Woran die Gegenwart krankt
Reizüberflutung, Termindruck, Events, Stress, Drogenkonsum einschließlich Medikamenten und Alkohol, Fastfood, Karrieregeilheit, Egoismus, Besitzgier nach schickeren Kleidern, schöneren Häusern und größeren Autos – es liegt auf der Hand, dass weniger manchmal mehr wäre. Klöster und Klosterkulturen weltweit bieten seit jeher eine Alternative zum gängigen Lebensstil: Verzicht, Maßhalten, Stille, Gemeinschaft. In jüngster Zeit hat der Begriff „Kloster“ für viele seinen verstaubt-frömmelnden Beigeschmack verloren. Der – wenigstens zeitweise – Rückzug in die abgeschlossene Welt des Klosters (lat. claustrum = abgeschlossen) und die damit verbundene Erfahrung klösterlicher Werte werden vermehrt gesucht.
„Wir haben in fast allem das Maß verloren und ständig das Gefühl, die Zeit renne uns davon.“
Die verschiedenen Aspekte klösterlicher Werte wie Demut, Maß, Gehorsam, Arbeit, Rituale, Gebet u. a. stehen in Wechselwirkung zueinander. Sie finden ihren gemeinsamen Nenner aber in den Grundmaximen Maßhalten und Zeiterleben.
Die innere Einstellung finden: Demut – Gehorsam – Gemeinschaft
Der klösterliche Begriff der Demut stammt aus dem Althochdeutschen und bedeutet ursprünglich „dienstwillig“. Dazu gesellen sich die Begriffe „Gehorsam“ und „Gemeinschaft“: Die Bereitschaft, etwas für die Gemeinschaft zu tun, schließt die Bereitschaft ein, als gering geachtete Dienste auszuführen und darin Freude und Erfüllung zu finden. So kann es einem Hotelbesitzer Spaß machen, in einer Situation der Personalknappheit bei einer großen Gästegesellschaft selbst Hand anzulegen und beim Servieren zu helfen. Demut bedeutet Einordnung in die Gemeinschaft durch Rücksichtnahme, Respekt, Freundlichkeit oder auch Gastfreundschaft. Wenn Sie sich Ihren Mitmenschen gegenüber als dankbar erweisen und Interesse an ihnen zeigen, wenn Sie erkennen, dass Sie von anderen lernen können, wenn Sie Vorurteile abbauen, dann ist das Demut. Das Gegenteil davon ist Hochmut, die selbstbezogene Überheblichkeit rücksichtsloser Machtmenschen und Besserwisser. Ikarus, der zu hoch hinaus wollte, zerstörte seine Flügel an der Sonne. Er hatte das rechte Maß verloren.

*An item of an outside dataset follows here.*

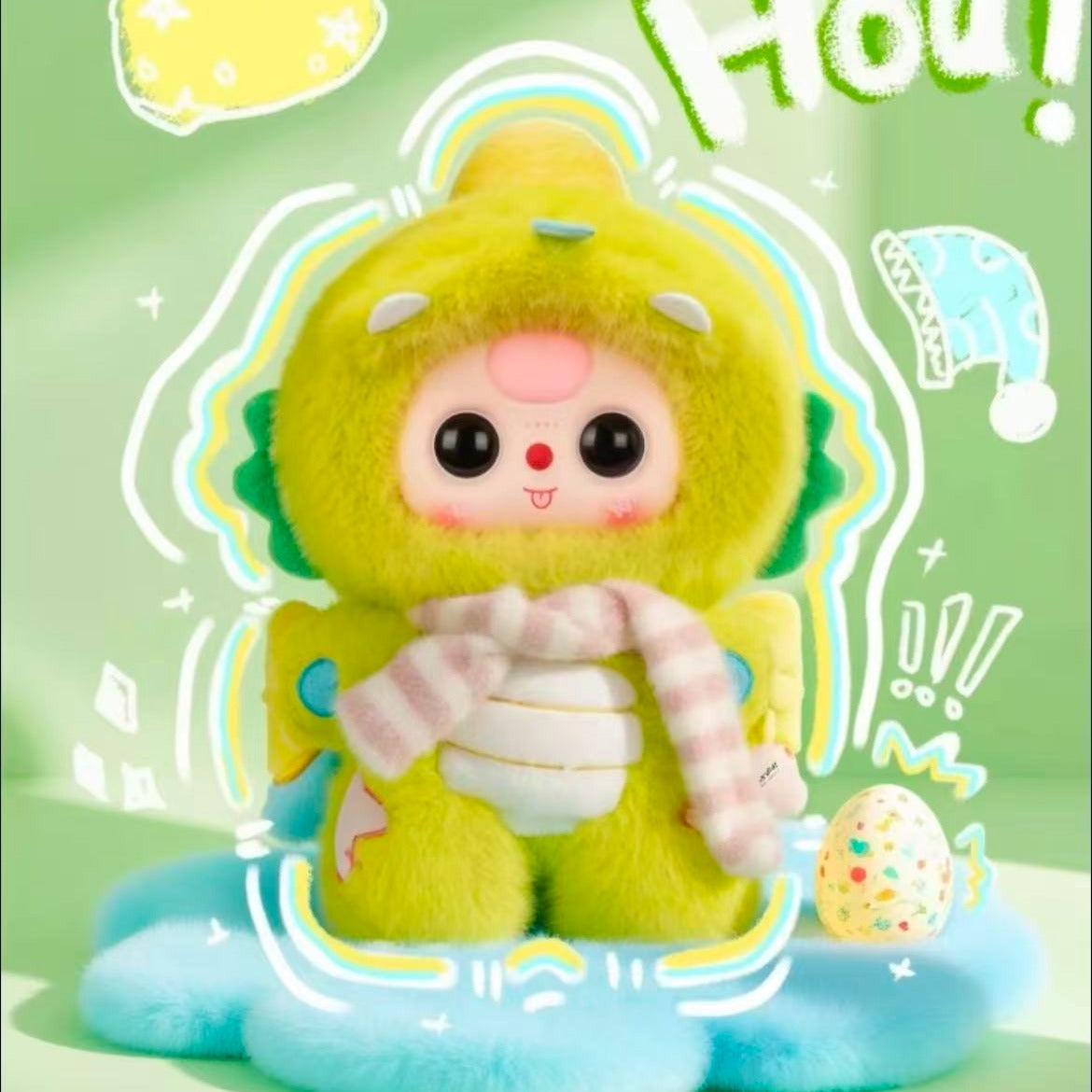 Luxury Animal Collection Toy, Sweet Dream Baby Three, Luxury 400%, Cute Animals and Fruits Plush Dolls, Kawaii Style, Fun Toy, Suitable as Birthday Gift, Soft Cute Animal Charms, Cute Rabbit Series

„Nicht in anpasserischem oder feigem Verhalten äußert sich Demut, vielmehr in der Achtung dessen, was andere leisten, in Rücksichtnahme, Freundlichkeit und Dankbarkeit.“
Gehorsam hat, wie das Wort schon sagt, mit Zuhören zu tun. Jemand ist gehorsam, wenn er auf das hört, was ihm gesagt wird. Die Bereitschaft, den Willen des Klostervorstands im Sinne des Besten der Gemeinschaft anzuerkennen, gehört ebenso dazu, wie einen Schicksalsschlag als Chance zu begreifen. Ärgern Sie sich nicht über verlorenes Geld, das wäre Zeitverschwendung. Nicht einmal ein Unfall, eine Krankheit oder der Tod geliebter Menschen sollten Anlass zur Verzweiflung oder Resignation sein. Der Gehorsam gegenüber Gott drückt sich auch darin aus, die Gegebenheiten anzunehmen, wie sie sind. Der Preis des Gehorsams kann sein, den eigenen Verstand auszuschalten und abzuwarten, was geschieht. Gehorsam führt dann auch zu einem veränderten Zeiterleben. Er findet allerdings dort seine Grenze, wo er zu unethischem Verhalten führen würde, als so genannter blinder Gehorsam.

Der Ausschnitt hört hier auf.